Im looking to understand how to bound the following. Let $S\subseteq \{0,1\}^n$ be an arbitrary subset of the Boolean cube. What is the largest $|S|$ such that for every $x,y\in S$, we have that $d(x,y)\geq n\cdot \delta$ (for arbitrary ranges of $\alpha$), where $d(x,y)=\sum_i [x_i\neq y_i]$.
Plotkin bound seems to give something for $S$ which is a linear code (also it applies only for restricted ranges of distance, not generically for all $\delta$), but apart from that, i dont see what else bounds we have.
Well, this is the general coding theory problem and doesn't have a closed form solution, though some bounds do exist.
By the way your arbitrary subset $S$ is a code, though not necessarily linear. So the Plotkin bound applies.
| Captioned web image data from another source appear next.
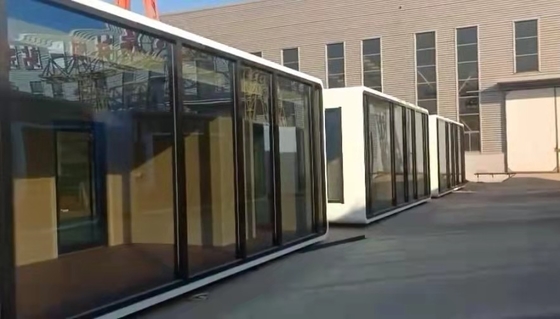 Le bureau modulaire de construction préfabriquée du panneau &quot;sandwich&quot; 20FT a préfabriqué des maisons de récipient d'expédition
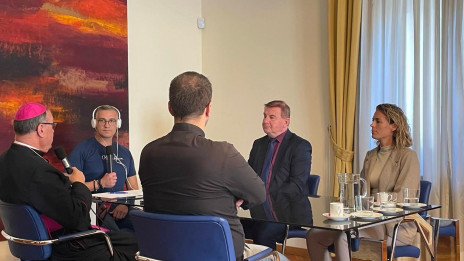 Gostje:  mariborski nadškof metropolit msgr. Alojzij Cvikl, duhovnik in študent v Rimu Boštjan Dolinšek, direktorica romarske agencije Aritours Tanja Arih Korošec in veleposlanik Republike Slovenije pri Svetem sedežu Franci But. (photo: ARO)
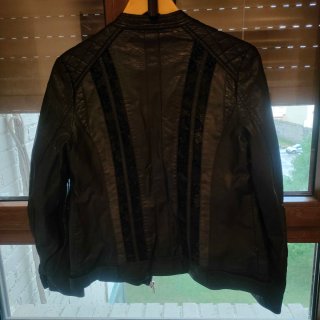 Chaqueta efecto piel con encaje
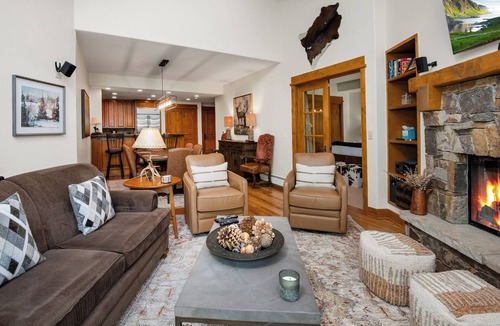 Avon House | Roomy, Luxurious Ski-In/Ski-Out w/Views, Hot Tub! Bachelor Gulch, Beaver Creek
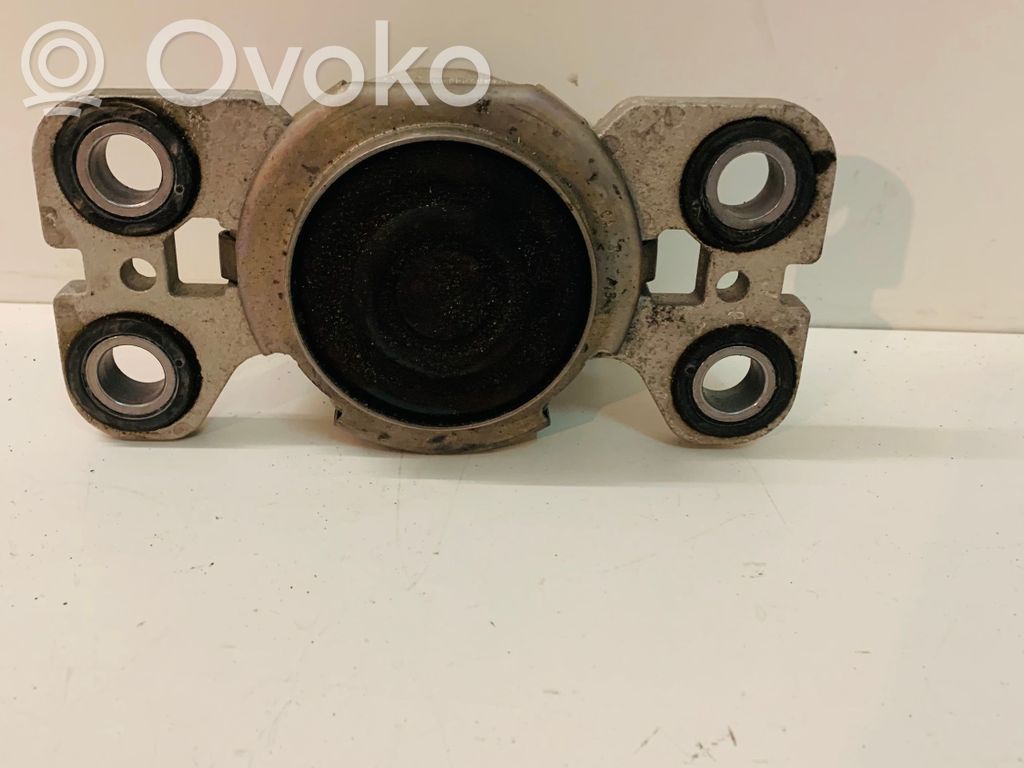 Engine mount bracket   EJ327M121AD,131118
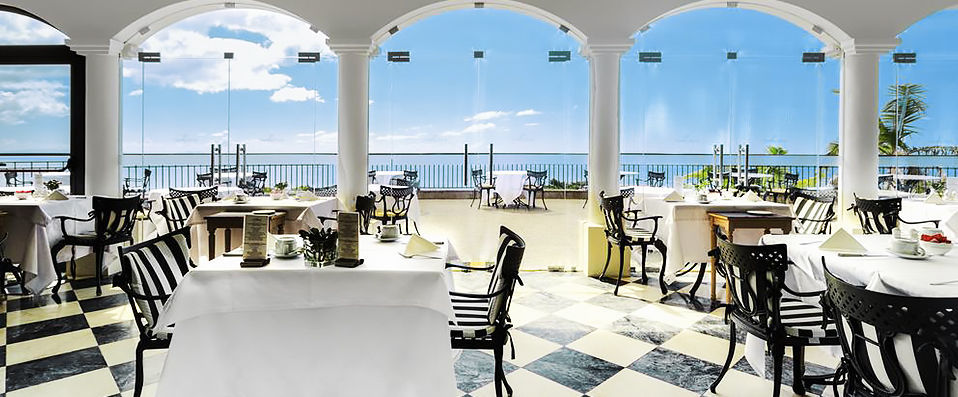 Quinta das Vistas Palace Gardens ★★★★★ - Spectacular views over all Madeira has to offer. - Funchal, Portugal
A subset $S$ which is a subspace of $\mathbb{F}_2^n$ is a binary linear code. The best upper bound will depend on $\alpha$ and also whether you are interested in asymptotics.
There is a nice short chapter describing what is known here. The quantity $\alpha_2(x)$ is what you are interested in. In general unless $\alpha$ is very small the best upper bound is the so-called MRRW (4 Americans) bound of McEliece-Rumsey-Rudemich-Welch obtained by linear programming. Here is a plot from that Chapter, the lower bound there is Gilbert-Varshamov, and all the others are upper bounds.
At low rates, Hamming is the best. The bound is on the exponent therefore it is $$ |S|\leq 2^{\alpha_2(\delta)\cdot n}, $$ as you point out.